→ **RECORD EXCERPTS**
--------------------------------

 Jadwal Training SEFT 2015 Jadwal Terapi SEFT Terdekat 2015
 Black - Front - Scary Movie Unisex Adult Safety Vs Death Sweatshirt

--------------------------------

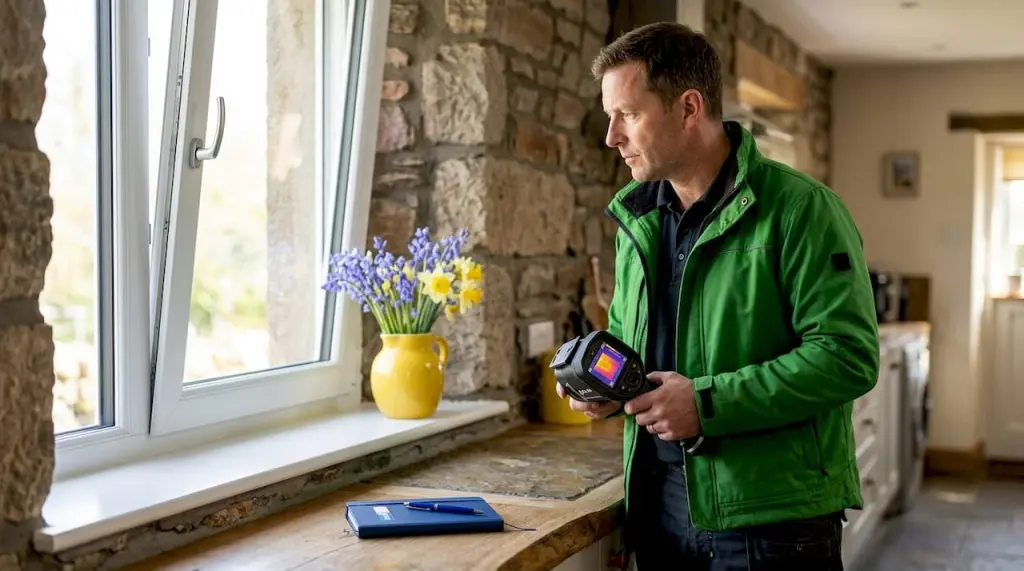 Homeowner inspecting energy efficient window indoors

--------------------------------

→ **WHAT YOU ARE ASKED TO DO**
Your task for the entries above: copy exactly the span starting with the line with "Jadwal Training SEFT" and going on through the line with "Black - Front", both lines included, and nothing else.

→ **RESULT OF THIS TASK**
 Jadwal Training SEFT 2015 Jadwal Terapi SEFT Terdekat 2015
 Black - Front - Scary Movie Unisex Adult Safety Vs Death Sweatshirt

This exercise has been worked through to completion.